Supreme Court of California
Feb 10, 1897
116 Cal. 43 (Cal. 1897)

Opinion

         Motion in the Supreme Court to dismiss an appeal from a judgment of the Superior Court of Alameda County and from an order denying a new trial. N. Hamilton, Judge.

         COUNSEL:

         A. A. Cohen, in pro. per ., and Garber, Thornton & Bishop, for Appellant.

          Samuel G. Hilborn, Walter Van Dyke, William Craig, and H. S. Foote, United States Attorney, for Respondent.


         The appeal ought to be dismissed because of the failure of appellant to serve notice of appeal on his codefendants who were "adverse parties" within the meaning of section 940 of the Code of Civil Procedure. (Hildreth v. Gwindon , 10 Cal. 491; Franklin v. Reiner , 8 Cal. 341; Whipley v. Mills , 9 Cal. 641; Hastings v. Halleck , 10 Cal. 31; Heinlen v. Heilbron , 94 Cal. 636; Warren v. Hopkins , 110 Cal. 509; Senter v. De Bernal , 38 Cal. 637, and cases cited; Reed v. Allison , 61 Cal. 461; O'Kane v. Daly , 63 Cal. 317; Williams v. Santa Clara Min. Assn ., 66 Cal. 195; Butte County v. Boydstun , 68 Cal. 189; In re Castle Dome Min. etc.
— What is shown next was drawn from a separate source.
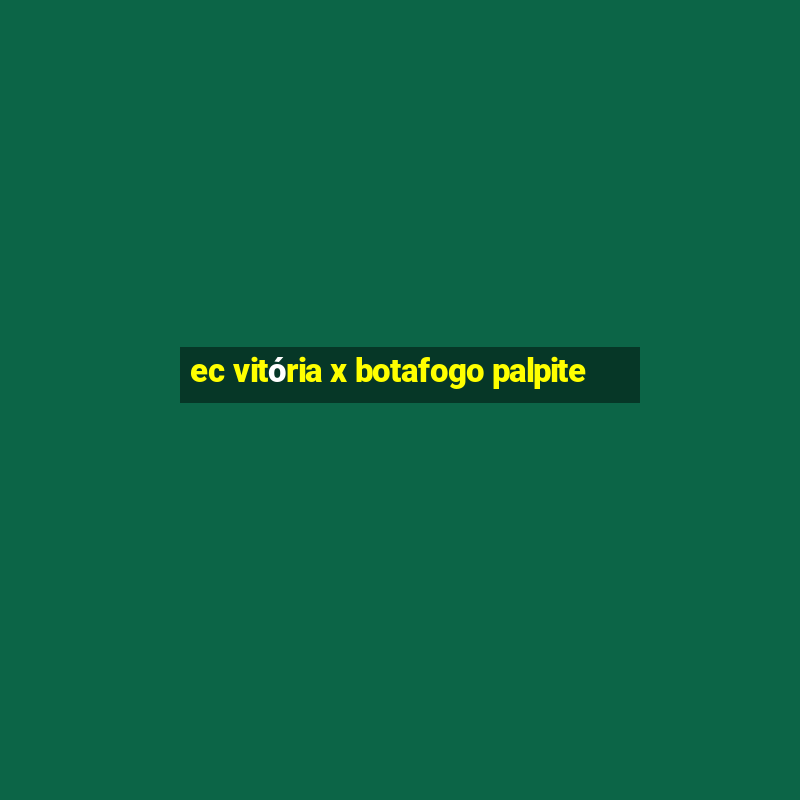 ec vitória x botafogo palpite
Co ., 79 Cal. 248; Harper v. Hildreth , 99 Cal. 267; Randall v. Hunter , 69 Cal. 81; Foley v. Bullard , 97 Cal. 516.) It is not too late to take advantage of failure to serve notice on adverse party at the hearing. (In re Castle Dome Min. etc. Co., supra .)

         JUDGES: In Bank. Harrison, J. Van Fleet, J., McFarland, J., Temple, J., and Henshaw, J., concurred.

         OPINION

          HARRISON, Judge

         The United States brought the present action against the appellant and many other defendants for the condemnation of a strip of land lying between the San Leandro and San Antonio estuaries for the purpose of constructing a tidal canal by which to turn the water from San Leandro Bay or estuary into the head of San Antonio estuary. The complaint contains a description of the strip of land sought to be condemned, and also separate descriptions of the portions thereof belonging to each of the defendants, of which three are alleged to be claimed by the appellant. The superior court rendered a judgment in favor of the plaintiff for the condemnation of the entire strip, and awarding damages to each of the defendants for the value of their respective parcels of land so condemned. The appellant moved for a new trial, and the same was heard upon a statement of the case and denied. From this order and also from the judgment he has appealed.

         The appeal from the judgment was taken [47 P. 871] more than one year after its entry, and must therefore be dismissed.          The appellant's notice of intention to move for a new trial was served upon the plaintiff alone, and also his notice of appeal from the order denying a new trial was served upon the plaintiff alone, and was not served upon any of his codefendants.

         In Herriman v. Menzies , 115 Cal. 16, it was held that a failure to serve the adverse party with the notice of intention to move for a new trial is attended with the same results before the superior court as attend the failure to serve the adverse party with a notice of appeal when the matter is brought before the supreme court. It was said in that case: "Section 659 of the Code of Civil Procedure requires that the party intending to move for a new trial shall 'serve upon the adverse party a notice of his intention.' The 'adverse party' upon whom this notice is to be served is determined by the same rules as is the 'adverse party' upon whom a notice of appeal is to be served, viz., every party whose interest in the subject matter of the motion is adverse to or will be affected by the granting of the motion or changing the former decision of the court; and a failure to serve such adverse party with the notice of an intention to move for a new trial will be attended with the same consequences as a failure to serve an adverse party with a notice of appeal from the judgment. The superior court can have no jurisdiction to re-examine an issue of fact that it has tried, and change its decision thereon, unless all the parties to the issue and former decision are properly before it." The same principle was declared in Wittenbrock v. Bellmer , 62 Cal. 558. The "adverse party" is every party to the action, whether plaintiff or defendant, whose interests may be injuriously affected by a reversal or modification of the judgment or order appealed from.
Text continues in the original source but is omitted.